Data Science Portfolio Projects use real data?

Do the Portfolio Projects in the Data Science Path use real data? Or are they made up data?
If it’s real data is it independently random sampled or is it a biased subset?

In the context of creating a portfolio to present,
I ask these questions because I want to know if I will declare these portfolio projects as “homework/coursework assignments given by Codecademy” or if I can give these projects a treatment where I indeed try to make real-world conclusions and inference?

I think at least one or two projects (not necessarily portfolio based) are based off datasets from kaggle or something similar. It is true that without the background it is quite difficult to make any serious inferences. Perhaps that’s intentional; it’s hard to bring your own bias to a dataset if you don’t know the background :slightly_smiling_face:.

Is there a specific portfolio project you’re asking about or just in general?

In most cases it is real data and the source is specified in the lessons.

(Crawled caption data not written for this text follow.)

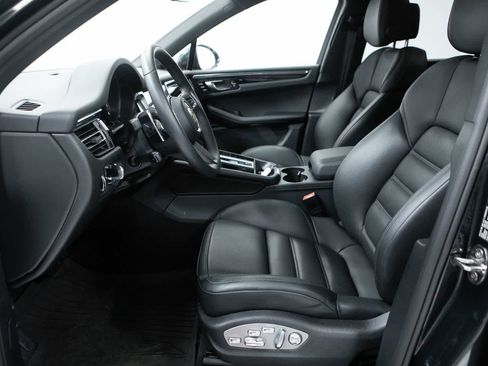 Certified 2026 Porsche Macan AWD/4WD image 23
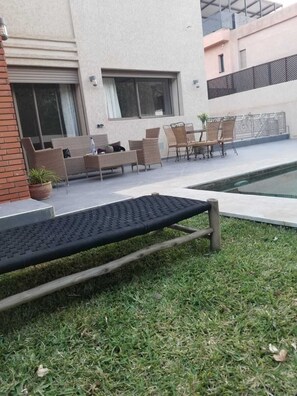 Terrace/patio - Akenza Hospitality. Pleasant family stay in a superb villa with private pool (Marrakesh)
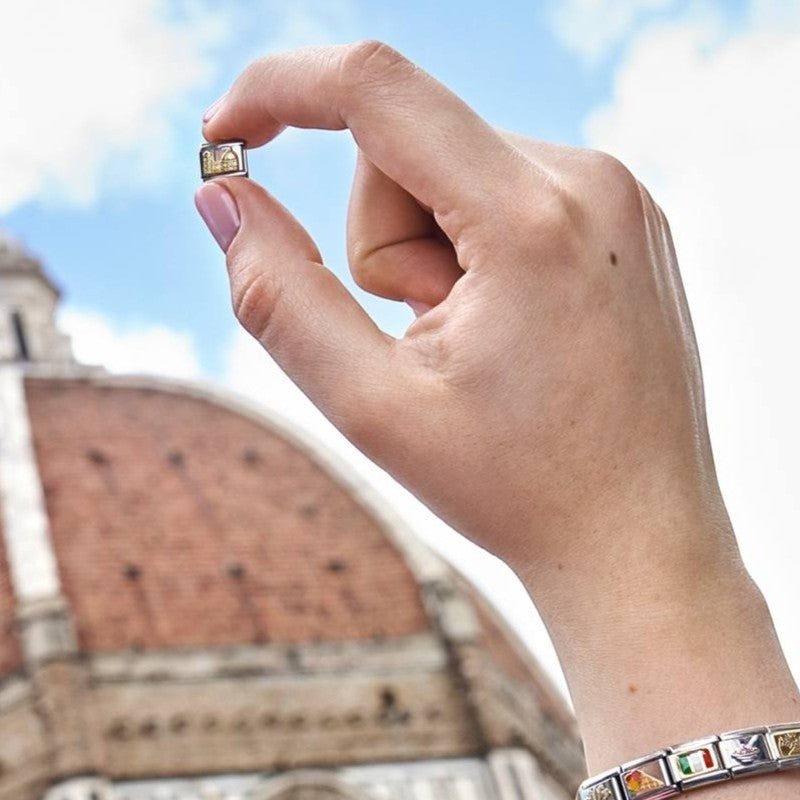 Niche Jewellery Nomination gold Colosseum charm crafted from stainless steel and 18k gold.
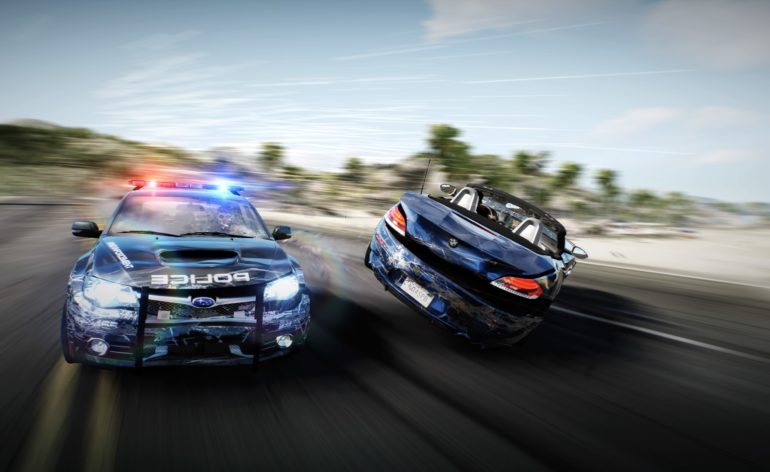 Need For Speed : Une voiture de flic détruisant celle d'un pilote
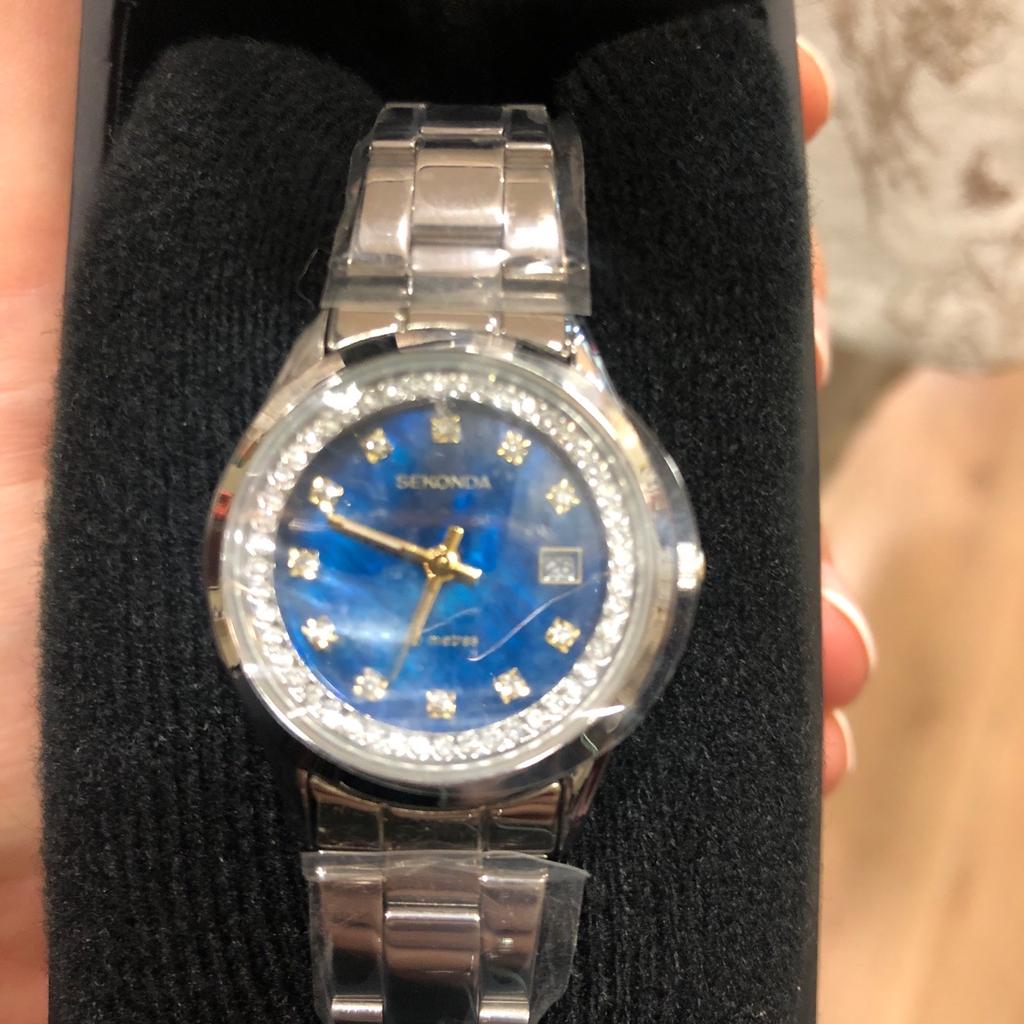 Holographic blue dial ladies Sekonda wrist watch. New, in original box and sticker we’d. Great bargain. Battery required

Some comes from Kaggle and I think some from the UC Santa Cruz (?) ML library.

Also, maybe the distinction doesn’t need to be made about the projects in your portfolio b/c work is work whether it’s paid or not.

1 Like

Regarding our portfolio projects hosted on github, should we also post or link the raw data (csv, json, etc) codecademy gave us? Are we allowed?

especially if the data could be real data?